Use Ray for larger jobs
Move to Ray after the local path is correct:
import vane vane.configure(runner="ray") embedding_only = chunks.embed_text( "chunk_text", provider="transformers", model="sentence-transformers/all-MiniLM-L6-v2", output_column="embedding", execution_backend="ray_actor", )
Every Ray worker must be able to import the provider libraries and access model files or provider credentials.
Output shape
Write a complete relation that makes downstream retrieval and auditing straightforward:
- document_id
- chunk_id
- chunk_text
- embedding
- source_uri
- model name and provider
- creation timestamp or run ID when needed
Write results with a relation writer:
embedded_with_ids.write_parquet("output/embeddings/")embedded_with_ids should include the identifier and metadata columns listed above. Build it either with a custom embedding UDF that returns the full schema, or by explicitly combining AI helper output with source rows after validating row counts and ordering.

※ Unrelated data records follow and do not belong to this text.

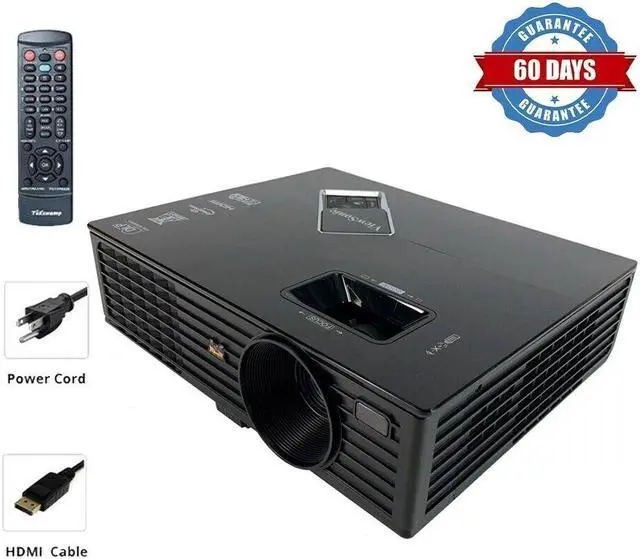 Main image of ViewSonic PJD6223 DLP Portable Projector 2700 ANSI HD 3D HDMI 1080p w/Bundle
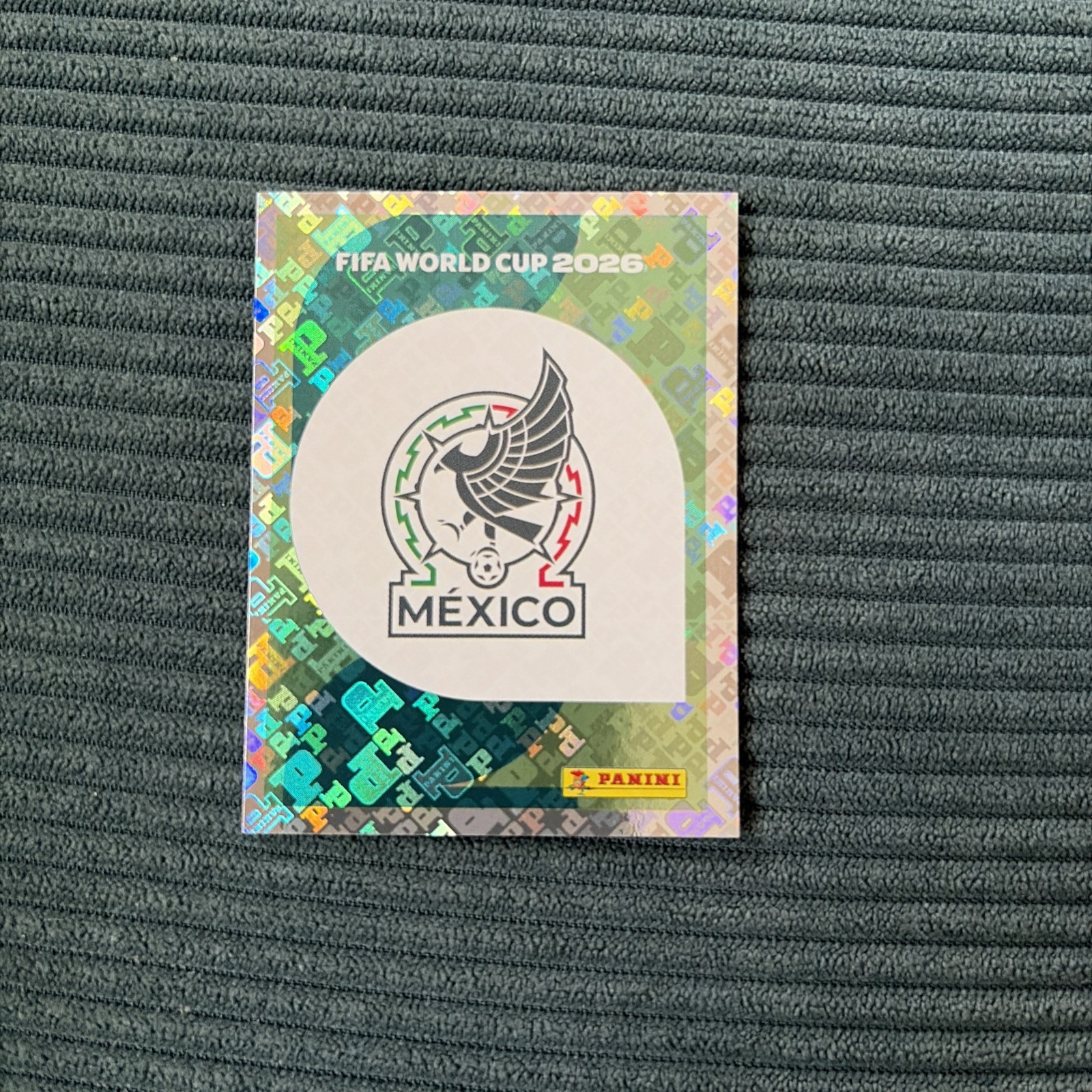 Panini FIFA World Cup 2026 Mexico Team Crest Logo Sticker #MEX 1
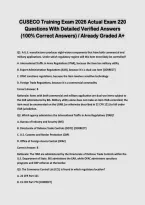 CUSECO Training Exam 2026 Actual Exam 220 Questions With Detailed Verified Answers &lpar;100&percnt; Correct Answers&rpar; &sol; Already Graded A&plus;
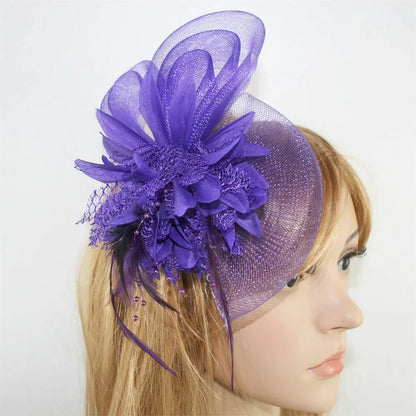 Ladies Fascinator Dance Performance Brooch Wrist Flower Bridal Hairpin Headdress Feathers Hair Clip Wedding Hair Accessories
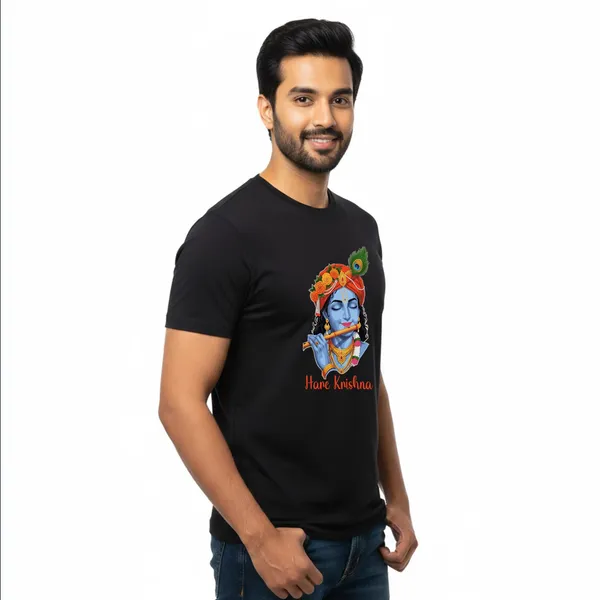 Mens_Graphic_Print_Round_Neck_T-Shirt_-_Krishna_(170_Gsm_Single_Jersey)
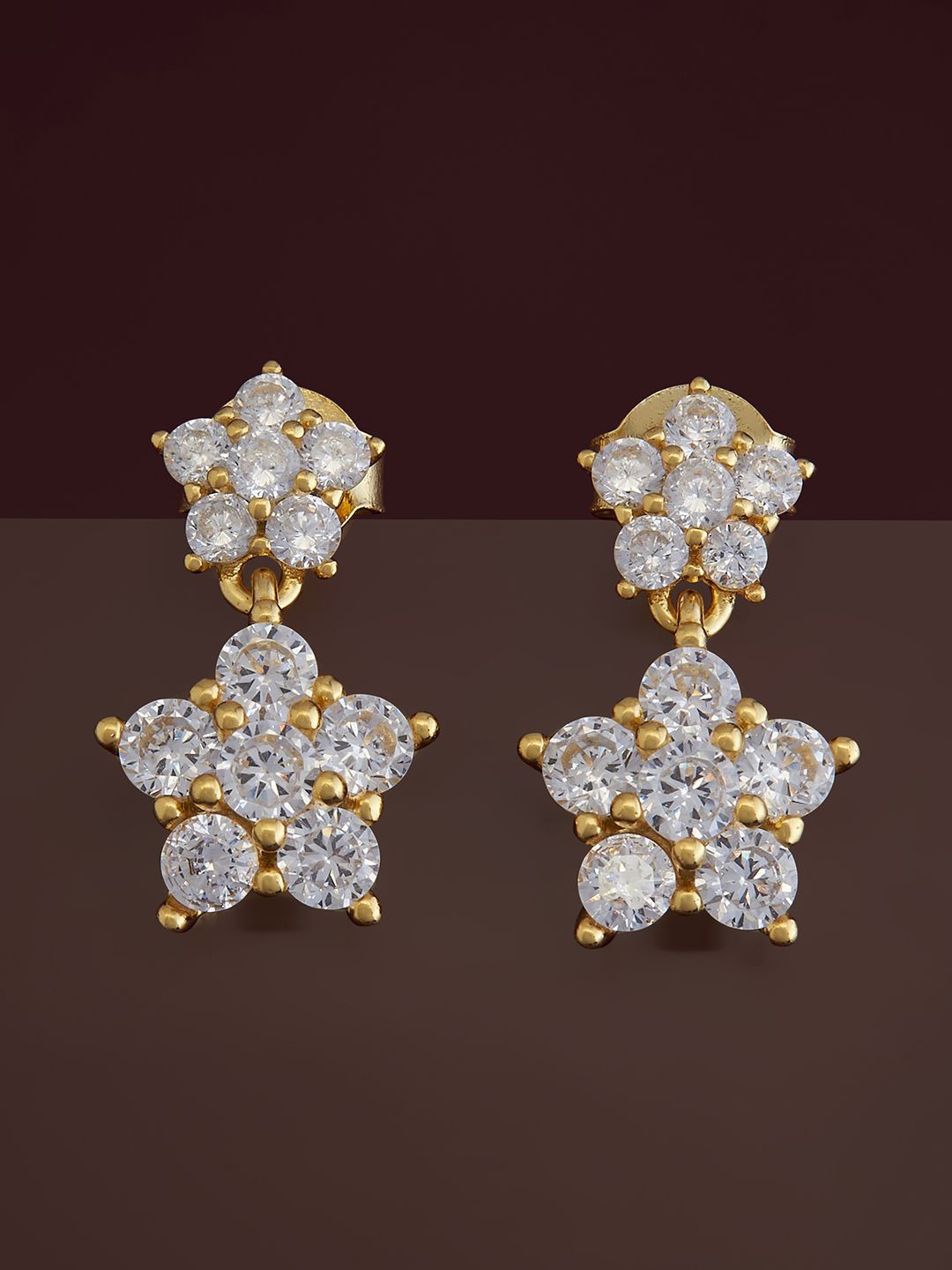 Kushal's Fashion Jewellery 92.5 Pure Silver Gold-Plated Classic Drop Earrings, White
Kushal's Fashion Jewellery 92.5 Pure Silver Gold-Plated Classic Drop Earrings, White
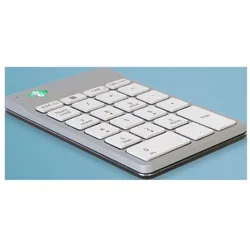 R-Go Tools Numpad Break White Bluetooth Numeric Keyboard (Nummernblock, Kabellos), Tastatur, Weiss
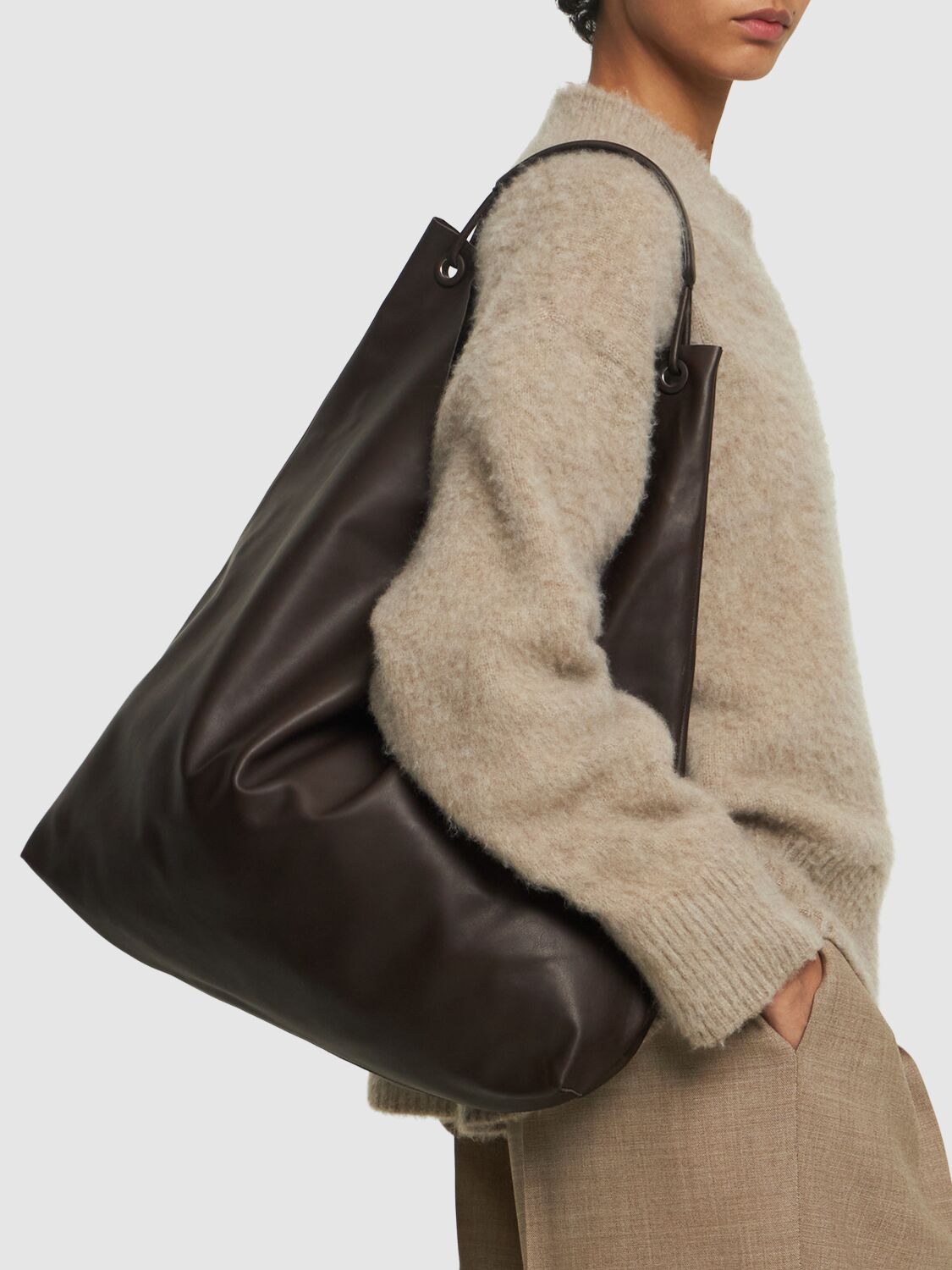 The Row Bindle Leather Tote Bag - Tote Bags - BeyondStyle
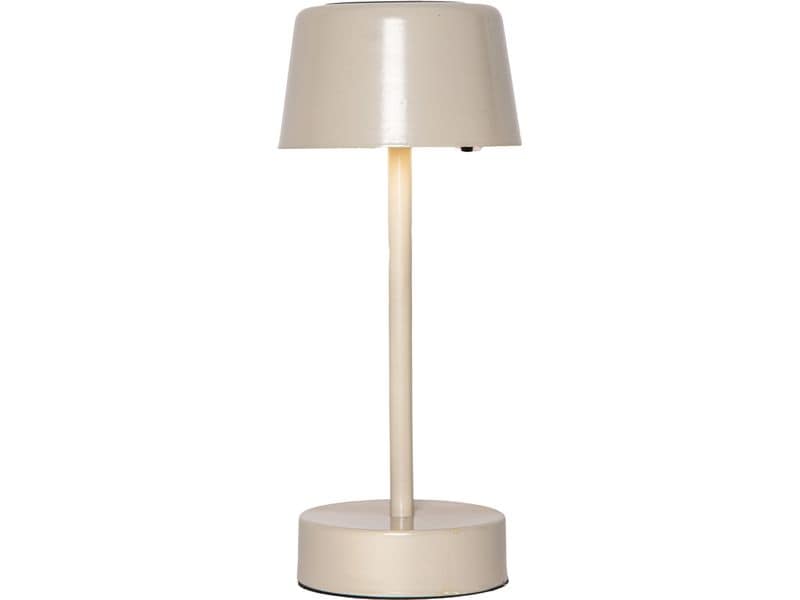 Star Trading Tischleuchte Solei Warmweiss,Beige Solar Leuchte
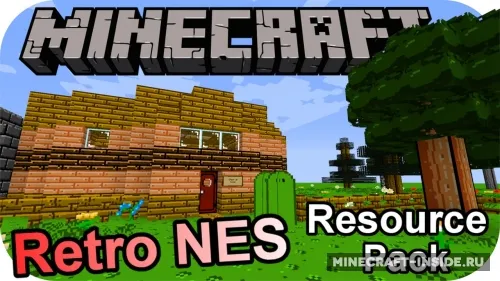 Retro NES — Minecraft resurs pak, rasm 1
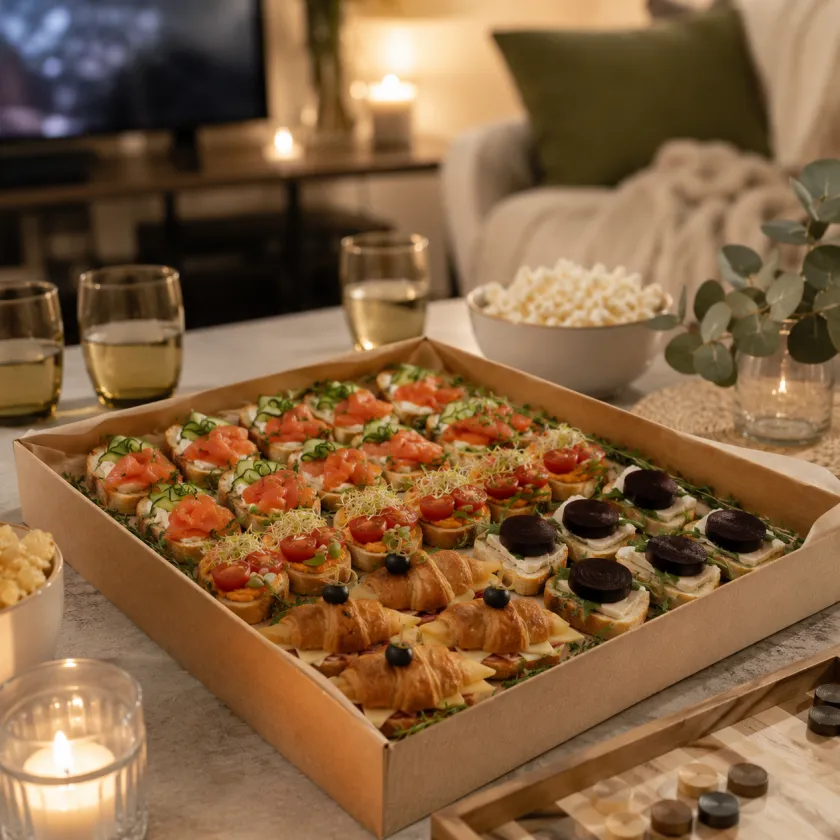 Box przekąsek na domówkę – wieczór filmowy, popcorn i planszówki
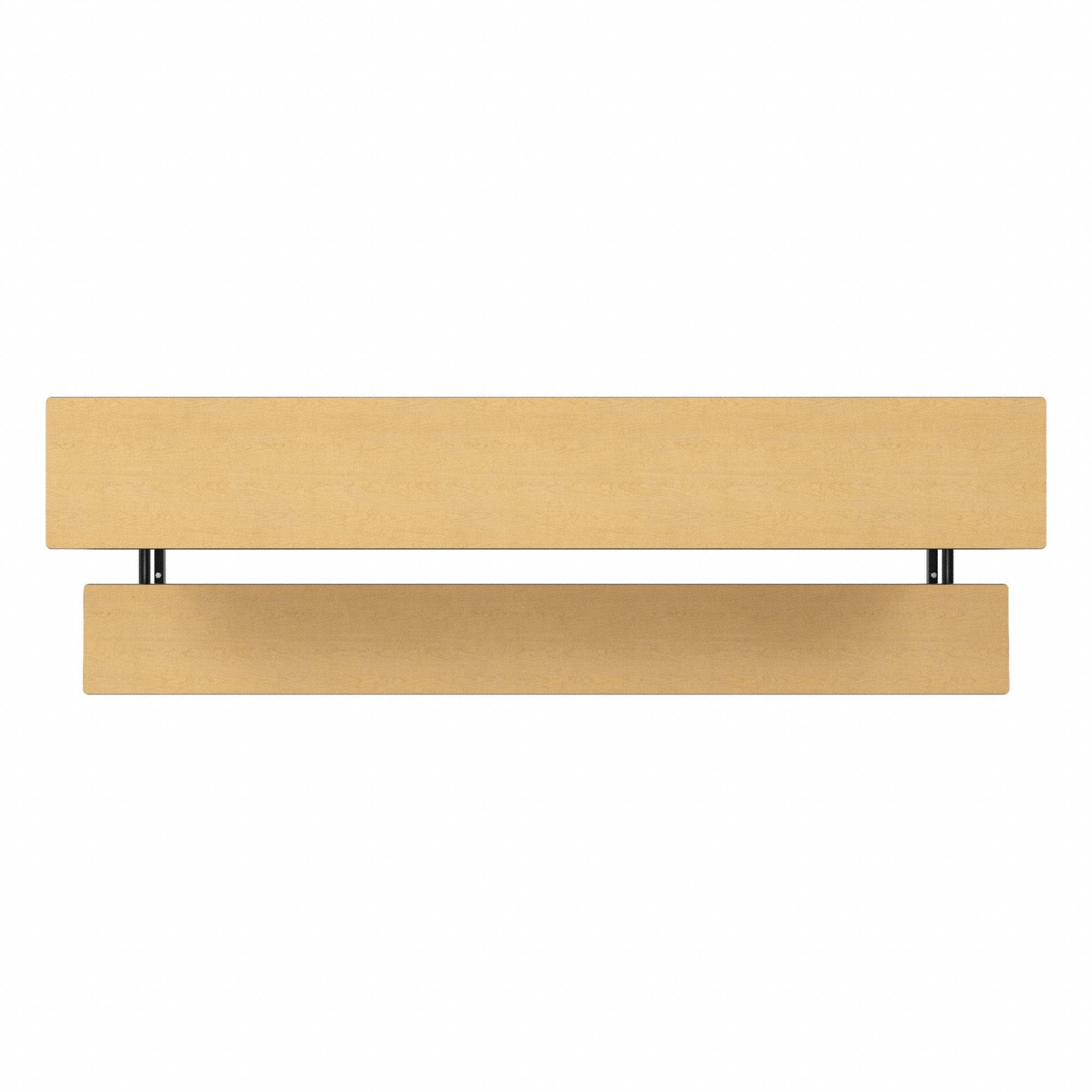 Convertible Bench Table: Maple, 30 1/8 in Overall Wd, 29 in Overall Ht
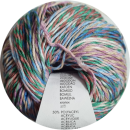 Tropical Baumwoll-Garn Fb. 7 Blau-Bunt von Langyarns
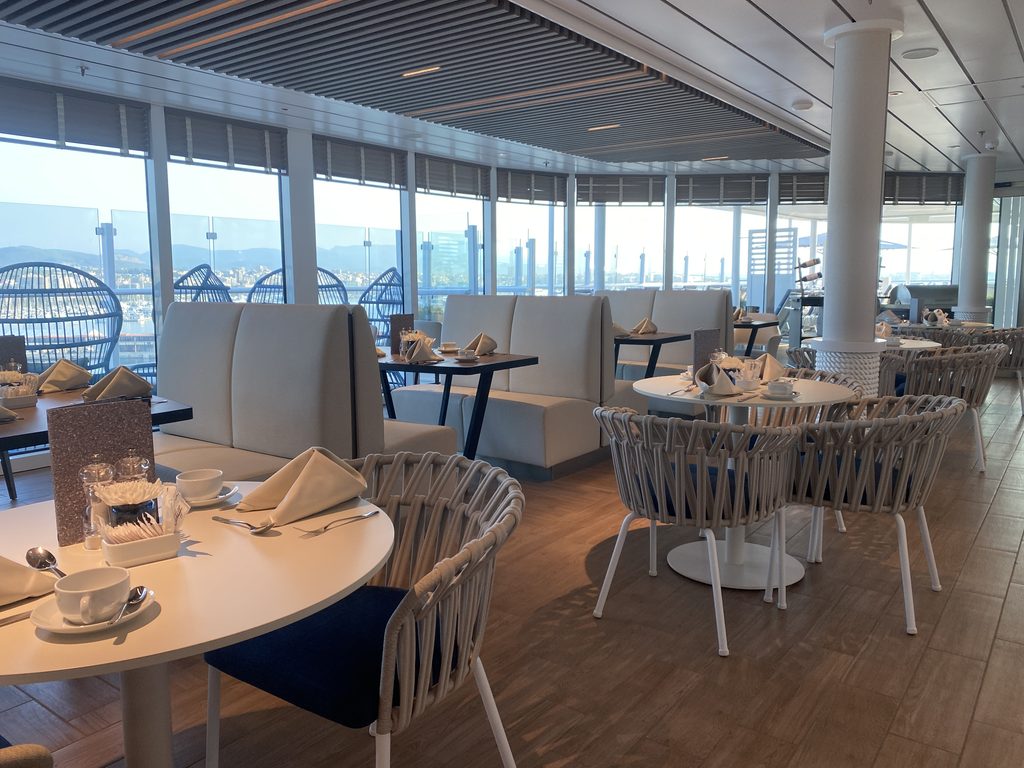 Das X View - hier kann man auch als Nicht - Suitengast gegen Aufpreis am Abend essen.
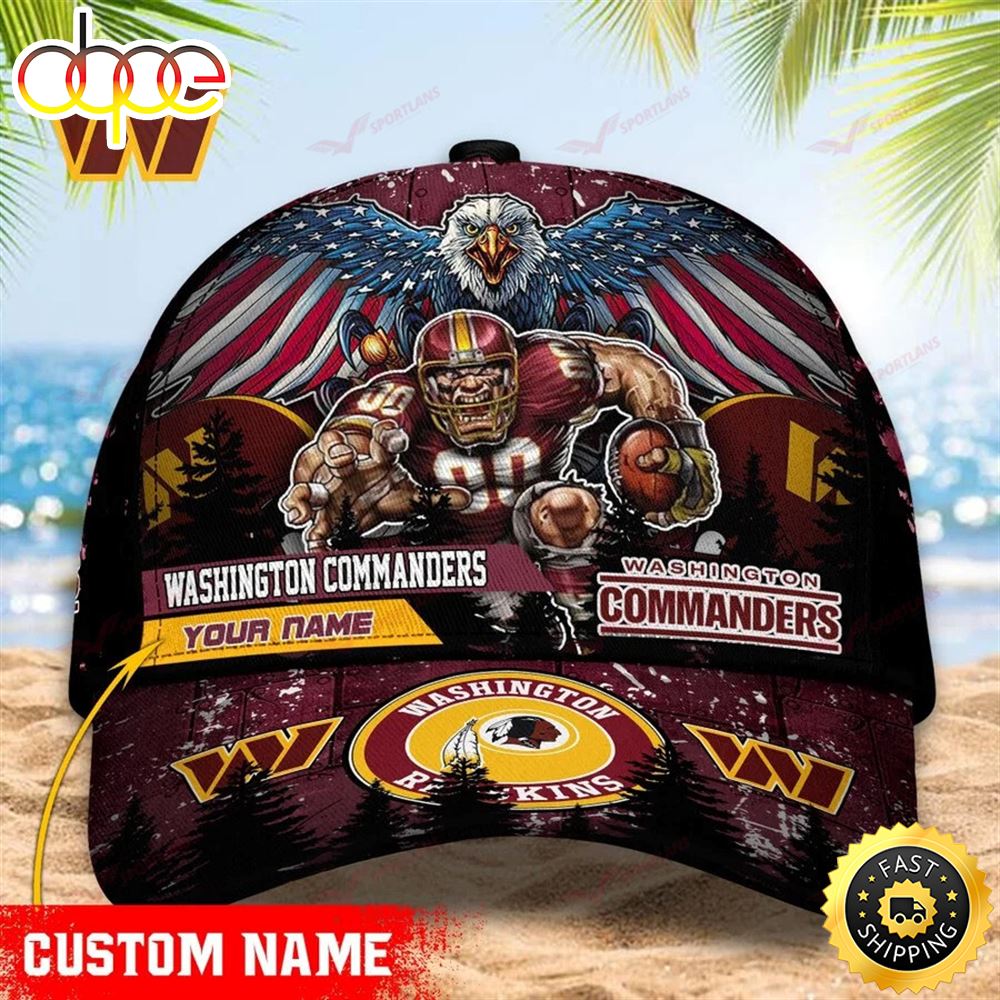 Washington Commanders Nfl Cap Personalized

For distributed writes, ensure every worker can access the output filesystem.
Tuning checklist
- Filter and project before embedding.
- Keep chunks bounded and deterministic.
- Use actor backends for local models.
- Increase batch_size until latency or memory becomes the bottleneck.
- Increase concurrency only when workers or API quota have headroom.
- Use Ray when scan, inference, or write throughput exceeds one process.
- Keep output rows deterministic with stable document and chunk IDs.